■ AVAILABLE DATA:
---
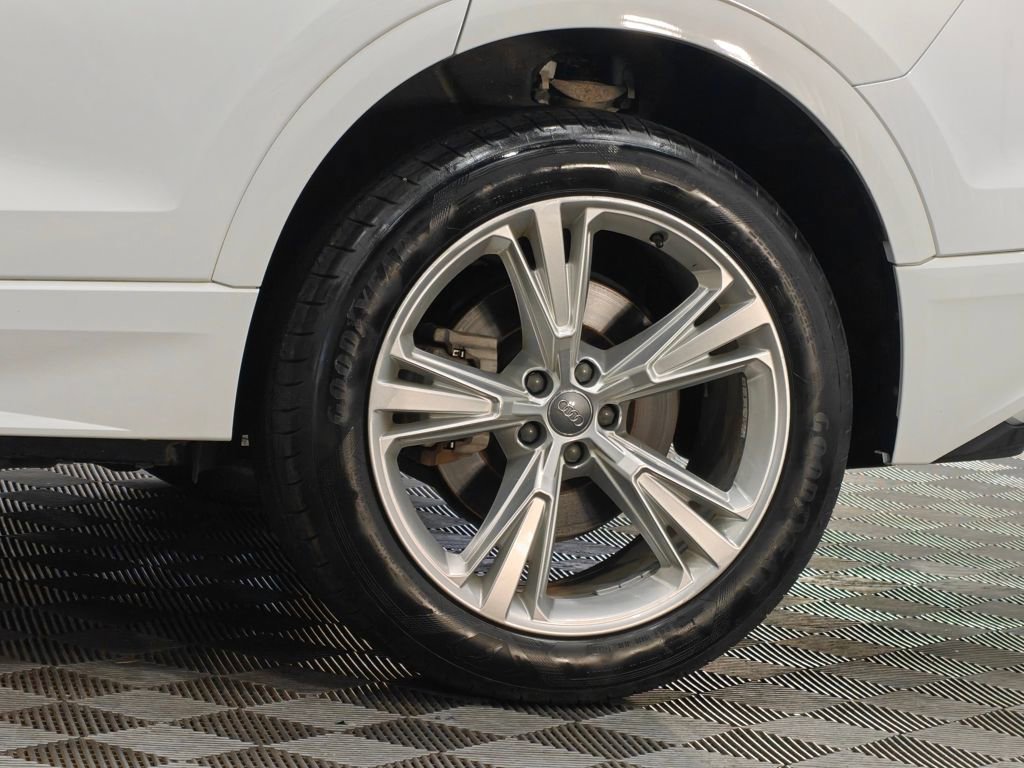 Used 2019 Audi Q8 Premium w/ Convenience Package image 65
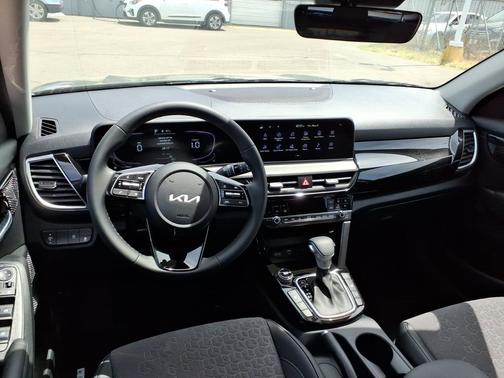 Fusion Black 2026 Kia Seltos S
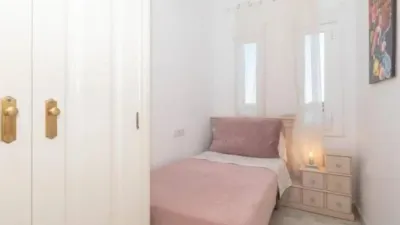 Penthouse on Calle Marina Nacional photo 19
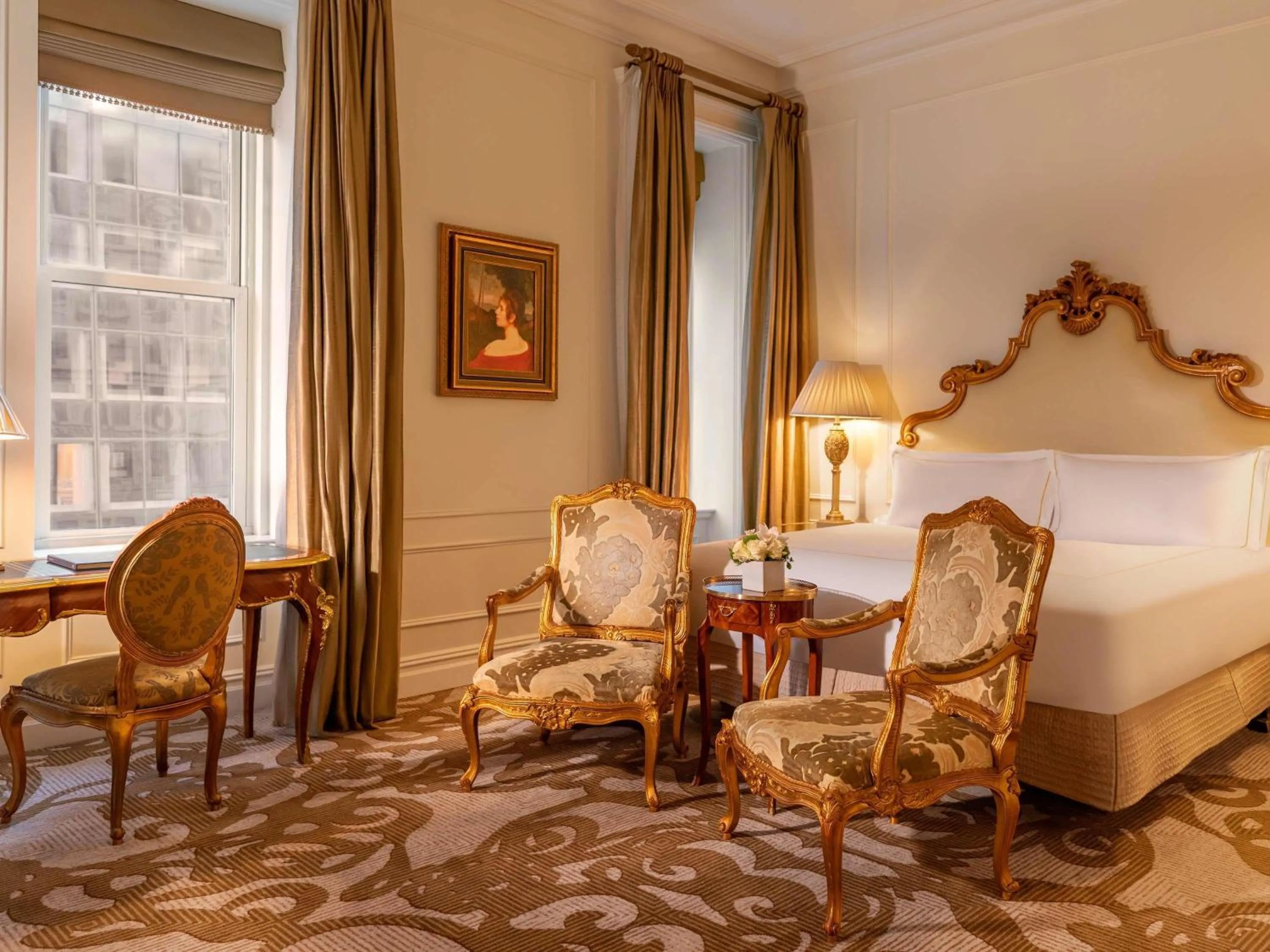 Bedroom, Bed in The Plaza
---
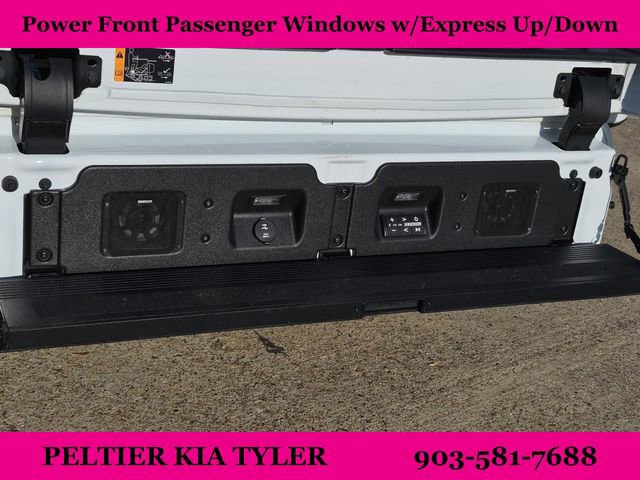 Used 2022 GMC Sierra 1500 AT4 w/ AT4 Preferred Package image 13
---
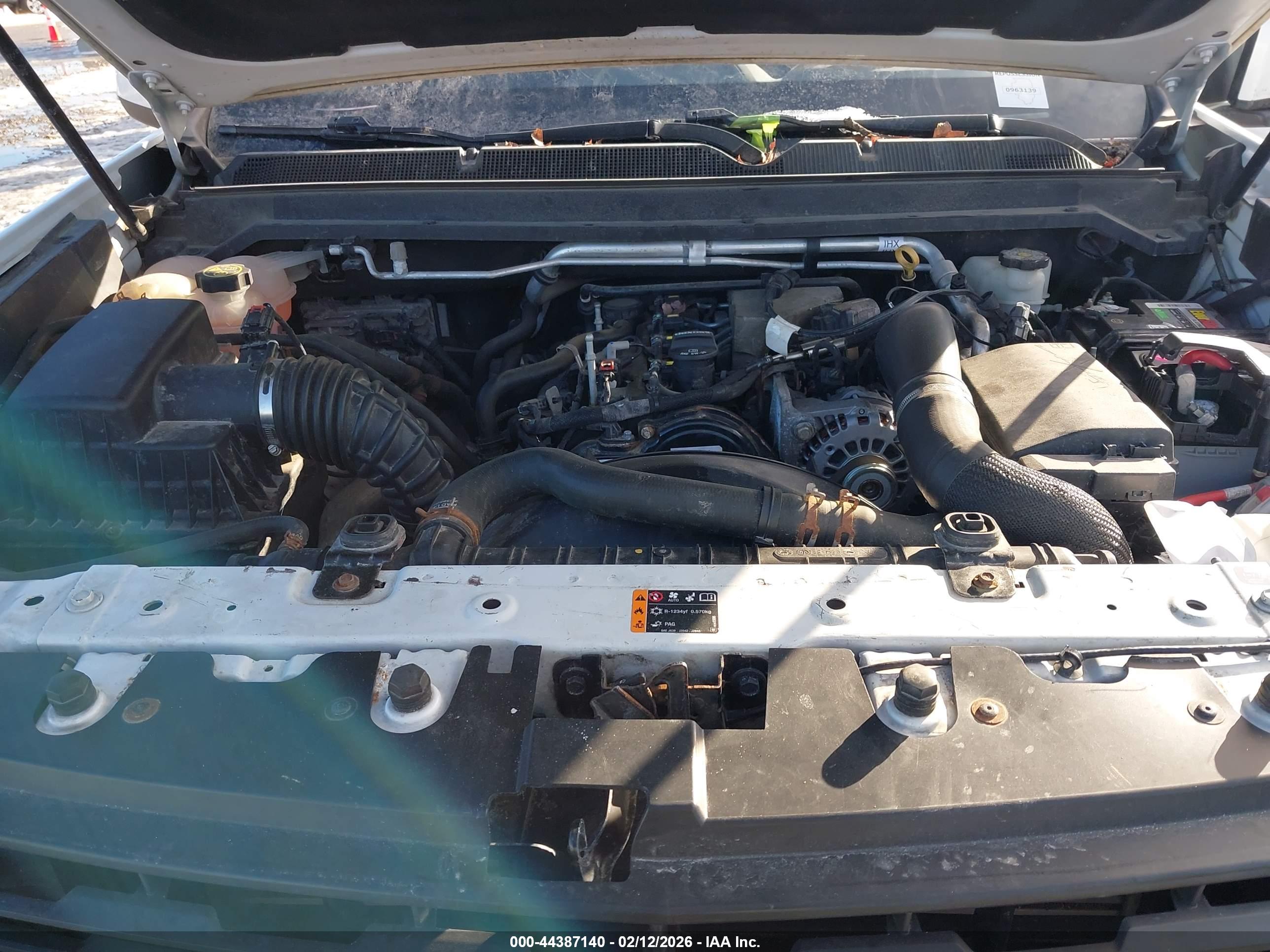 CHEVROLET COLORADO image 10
---
■ WHAT IS NEEDED:
Would you give again, exactly, the lines in the data above that run from the line containing "Fusion Black 2026 Kia Seltos S" to the line containing "Bedroom, Bed in The Plaza"? Include both ends and no pictures.

■ RESPONSE BOX:
 Fusion Black 2026 Kia Seltos S
 Penthouse on Calle Marina Nacional photo 19
 Bedroom, Bed in The Plaza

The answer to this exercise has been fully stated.